### Your goal
Reproduce exactly the lines of this material that begin at the line with "新中式客厅家用垃圾桶复古脚踩创意厨房卧室带盖脚踏式办公室茶室" and end at the line with "сквер Бориса Нємцова", both included. Omit the pictures and everything else.

### Records shown
▼

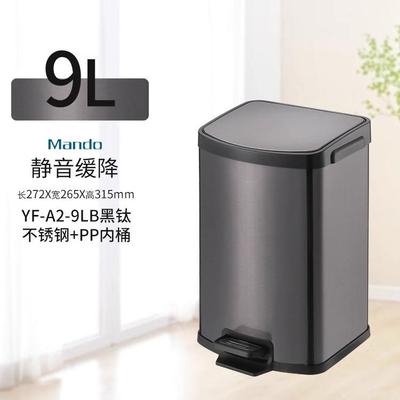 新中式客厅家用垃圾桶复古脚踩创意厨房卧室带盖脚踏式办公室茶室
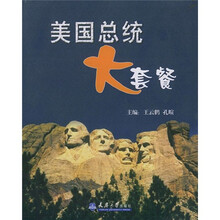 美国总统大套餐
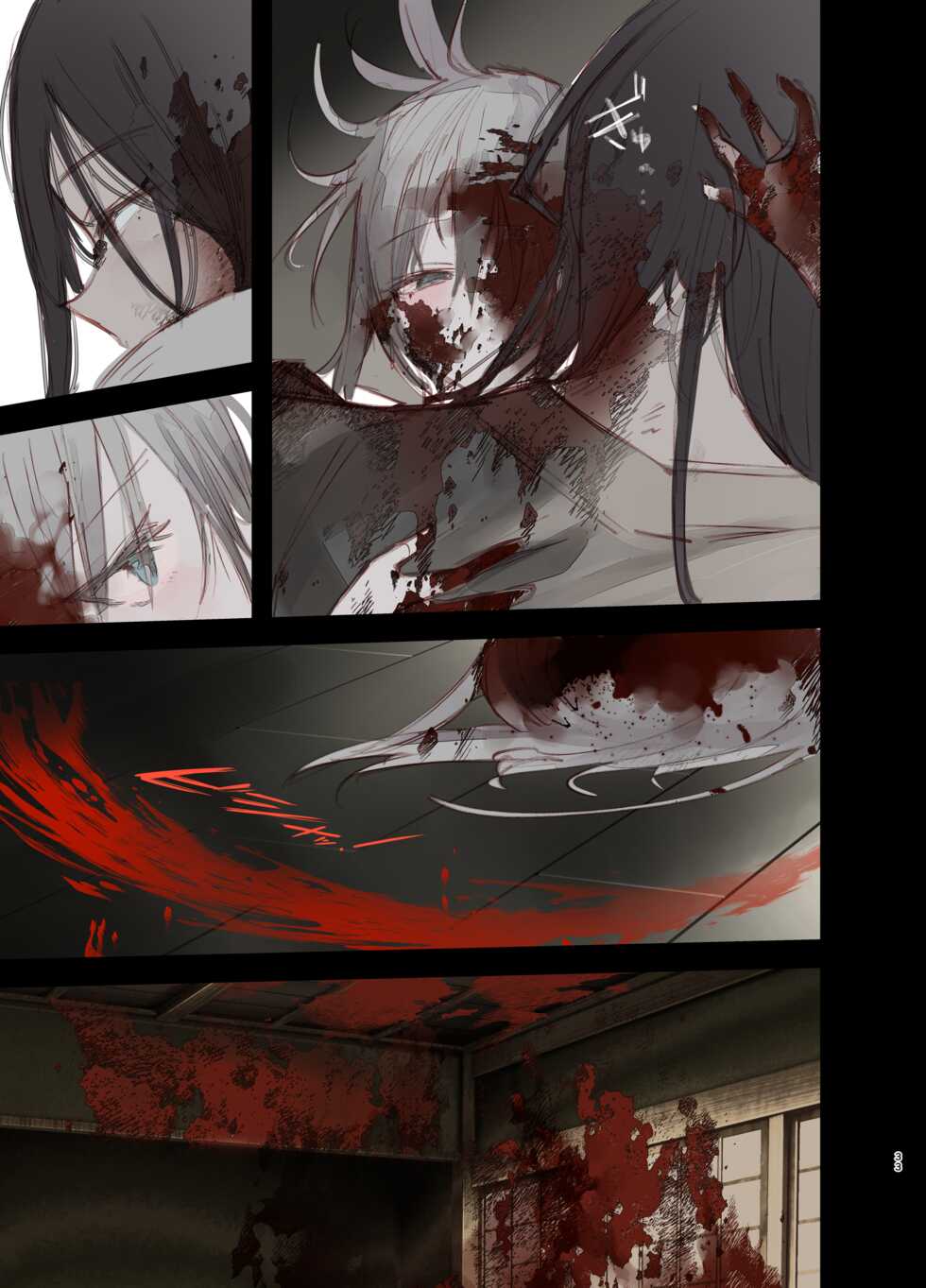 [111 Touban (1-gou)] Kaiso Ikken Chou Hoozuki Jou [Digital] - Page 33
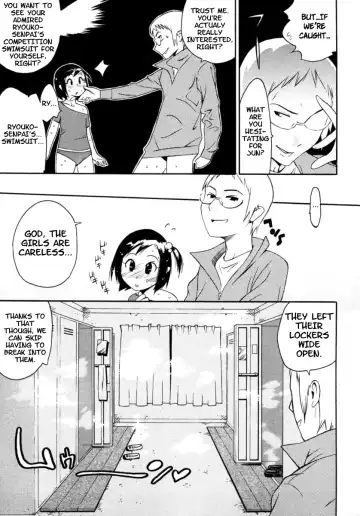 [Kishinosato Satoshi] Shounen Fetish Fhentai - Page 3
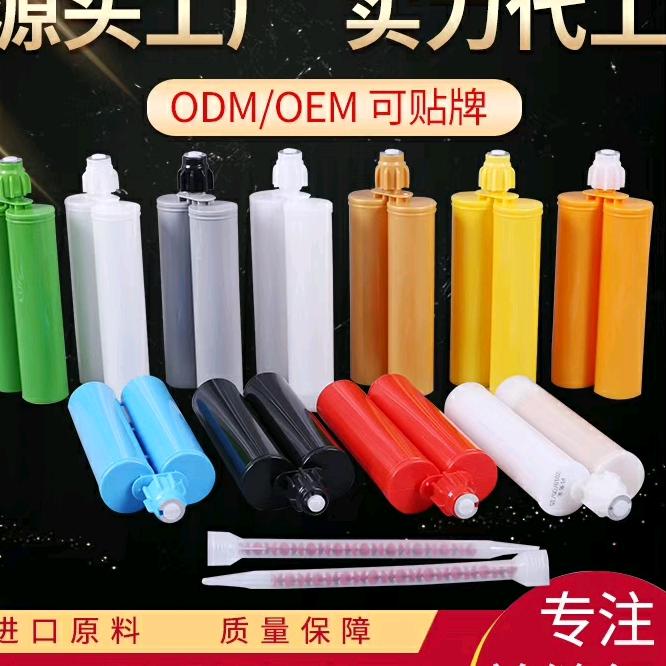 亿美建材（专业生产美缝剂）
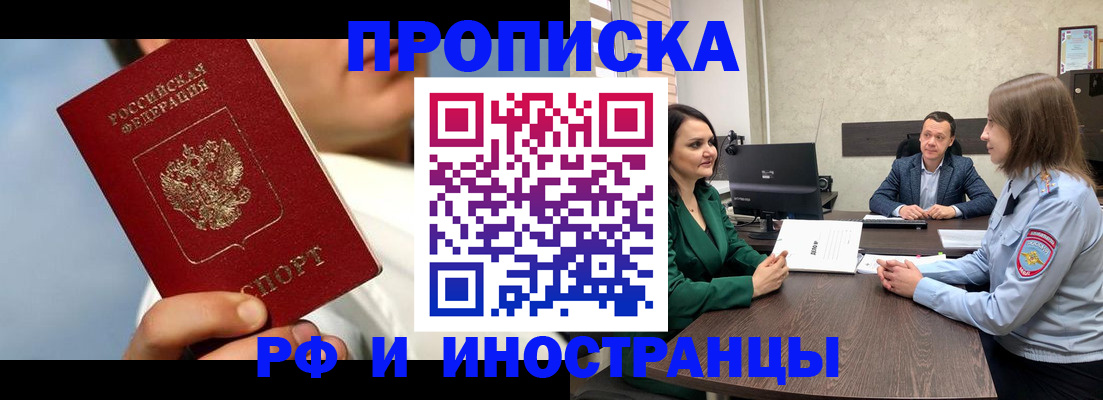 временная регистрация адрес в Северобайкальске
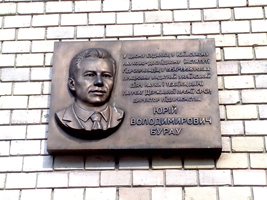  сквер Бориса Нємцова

▲
▼

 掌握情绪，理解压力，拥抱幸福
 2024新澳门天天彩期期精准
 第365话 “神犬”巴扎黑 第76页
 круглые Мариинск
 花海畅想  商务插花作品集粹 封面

▲

### Exercise output
 新中式客厅家用垃圾桶复古脚踩创意厨房卧室带盖脚踏式办公室茶室
 美国总统大套餐
 [111 Touban (1-gou)] Kaiso Ikken Chou Hoozuki Jou [Digital] - Page 33
 [Kishinosato Satoshi] Shounen Fetish Fhentai - Page 3
 亿美建材（专业生产美缝剂）
 временная регистрация адрес в Северобайкальске
  сквер Бориса Нємцова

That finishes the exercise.